68.Subsections (3) and (4) provide that the Royal Trustees must give a copy of the report to the Treasury, who must lay it before Parliament.
69.Subsection (5) requires regular reviews, starting from 1 April 2012. The first review must take place after 4 years, so it will begin in Spring 2016. Thereafter a review is required every 5 years.
Section 8: Power to change level of Sovereign Grant
70.This section applies if the Royal Trustees’ review calls for a different percentage to be used in the formula in section 6. It requires the Treasury to implement the conclusions of the review.
71.Under subsection (2), the Treasury must lay an order to amend the percentage in section 6(1). Subsection (3) requires the affirmative Parliamentary procedure (in the House of Commons only) to approve any increase in the percentage. Subsection (4) provides for the negative procedure (again, Commons only) for an order that decreases the percentage.
Section 9: Duchy of Cornwall income and grant to the heir to the throne
72.This section adjusts the Sovereign Grant where the Duke of Cornwall is under 18 and where there is no Duke of Cornwall.
73.When the Duke of Cornwall is under 18, the amount of Sovereign Grant in each year or part year is reduced by 90% of the income account net surplus of the Duchy of Cornwall for the period. A corresponding amount of the Duchy’s income is placed at the disposal of Her Majesty. Duchy income does not increase the Sovereign’s resources because the Sovereign Grant is reduced proportionately. That arrangement reflects the current statutory provisions for the civil list.
74.Where the revenues of the Duchy of Cornwall are vested in Her Majesty (because there is no Duke of Cornwall) the section provides for the amount of the Sovereign Grant to be reduced by the amount of the income account net surplus of the Duchy for that period.
75.When Duchy revenues are vested in Her Majesty, the section also provides for a grant to be made by the Treasury to the heir to the throne (who would not be the Duke of Cornwall). Such heirs, if they are adult, would receive a grant equivalent to the amount by which the Sovereign Grant has been reduced on account of the Duchy revenues. If they are under 18, they receive 10% of that amount. The net effect is broadly that an adult heir to the throne, whether or not that person is also Duke of Cornwall, receives the equivalent of the net income of the Duchy. If the heir is a minor, the equivalent of 10% of the Duchy’s net income is received.

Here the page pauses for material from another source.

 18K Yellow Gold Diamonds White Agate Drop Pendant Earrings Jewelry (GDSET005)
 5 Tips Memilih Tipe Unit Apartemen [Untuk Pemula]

76.Subsection (1) applies when the Duke of Cornwall is under 18. When that happens, the Sovereign Grant is reduced by 90% of the income account net surplus of the Duchy. An equivalent amount of Duchy income is placed at the disposal of the Sovereign to offset that reduction.
77.Subsection (2) provides that where the Duchy of Cornwall is vested in Her Majesty the amount of the Sovereign Grant for that year is reduced by an amount equal to the net income of the Duchy of Cornwall for the relevant period. When that happens, the heir to the throne is to receive a grant payable by the Treasury.
78.Subsection (3) sets the amount of the Treasury grant payable under subsection (2). If the heir is aged 18 or over, the grant is equal to the reduction in Sovereign Grant that is made for the period. If the heir is under 18, the grant is 10% of that amount.
79.Subsection (4) provides that where the grant is payable to an heir who is under 18 it will be paid to the Royal Trustees who are to hold it on trust for the heir on such terms as the Treasury direct.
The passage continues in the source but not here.